Sixth: Unbound is not a long-term solution. We needed a caching resolver for FreeBSD 10 and decided to use Unbound because it’s fairly mature and we know it well, but it is a stopgap measure to address the DNSSEC issue while we work on a long-term solution. For FreeBSD 11, we see DNS as only one of several services provided by the Capsicum service daemon called Casper; no decision has yet been made as to which validating resolver library Casper will use as its back-end. In any case, we will continue to provide both authoritative nameserver daemons and caching resolver daemons, such as BIND, NSD, Unbound DNSMasq etc. through the ports system, which can provide better support, access to newer versions, and faster updates than we can in the base system.

Finally, I should add that the ISC has supported the FreeBSD project for many years, both directly and indirectly. Although I haven’t been directly involved in that part of the project, I’m very grateful for their contribution and bear no ill will against them, and I was very unhappy to see my previous post misconstrued as an attack against BIND and the ISC.

DNS in FreeBSD 10

Yesterday, I wrote about the local caching resolver we now have in FreeBSD 10. I’ve fielded quite a few questions about it (in email and on IRC), and I realized that although this has been discussed and planned for a long time, most people outside the 50 or so developers who attended one or both of the last two Cambridge summits (201208 and 201308) were not aware of it, and may not understand the motivation.

There are two parts to this. The first is that BIND is a support headache with frequent security advisories and a lifecycle that aligns poorly with our release schedule, so we end up having to support FreeBSD releases containing a discontinued version of BIND. The second part is the rapidly increasing adoption of DNSSEC, which requires a caching DNSSEC-aware resolver both for performance reasons (DNSSEC validation is time-consuming) and to avoid having to implement DNSSEC validation in the libc resolver.

We could have solved the DNSSEC issue by configuring BIND as a local caching resolver, but for the reasons mentioned above, we really want to remove BIND from the base system; hence the adoption of a lightweight caching resolver. An additional benefit of importing LDNS (which is a prerequisite for Unbound) is that OpenSSH can now validate SSHFP records.

Note that the dns/unbound port is not going away, and that users who want to run Unbound as a caching resolver for an entire network rather than just a single machine have the option of either moving their configuration into /var/unbound/unbound.conf, or running the base and port versions side-by-side. This should not be a problem as long as the port version doesn’t try to listen on or ::1.

I’d like to add that since my previous post on the subject, and with the help of readers, developers and users, I have identified and corrected several issues with the initial commit

  • /etc/unbound is now a symlink to /var/unbound.

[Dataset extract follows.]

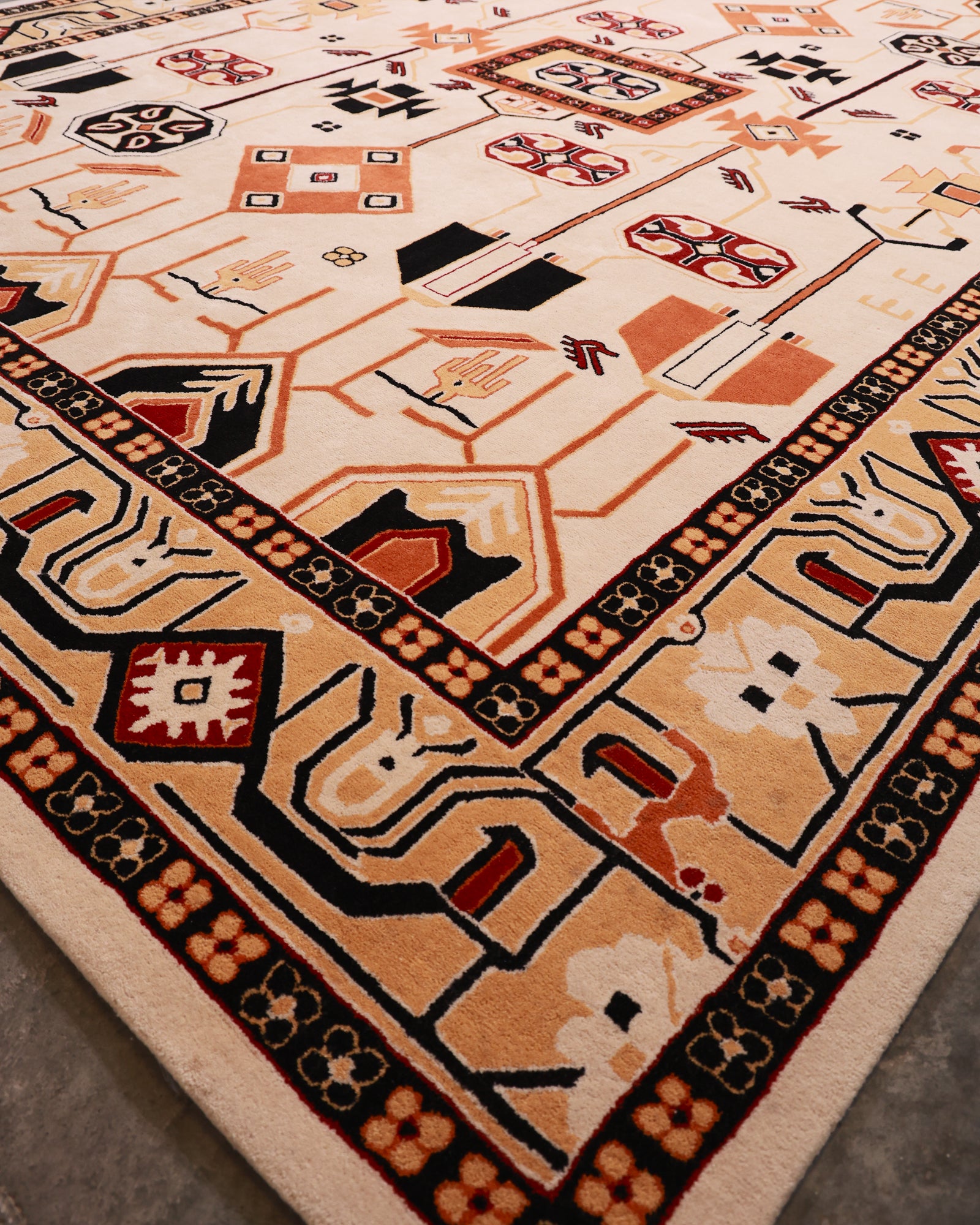 Naqsh / Tribal Motif Hand-Tufted New Zealand Wool Rug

My original intention was to have the configuration files in /etc/unbound and the root anchor, unbound-control keys etc. in /var/unbound, but the daemon needs to access both locations at run-time, not just on start-up, so they must all be inside the chroot. Running the daemon un-chrooted is, of course, out of the question.
  • The init script ordering has been amended so the local_unbound service now starts before most (hopefully all) services that need functioning DNS.
  • resolvconf(8) is now blocked from updating /etc/resolv.conf to avoid failing over from the DNSSEC-aware local resolver to a potentially non-DNSSEC-aware remote resolver in the event of a request returning an invalid record.
  • The configure command line and date / time are no longer included in the binary.

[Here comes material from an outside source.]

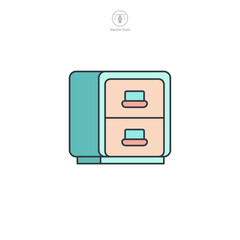 Fototapete - Filing cabinet icon symbol vector illustration isolated on white background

Finally, I just flipped the switch so that BIND is now disabled by default and the LDNS utilities are enabled. The BIND_UTILS and LDNS_UTILS build options are mutually exclusive; in hindsight, I should probably have built and installed the new host(1) as ldns-host(1) so both options could have been enabled at the same time. We don’t yet have a dig(1) wrapper for drill(1), so host(1) is the only actual conflict.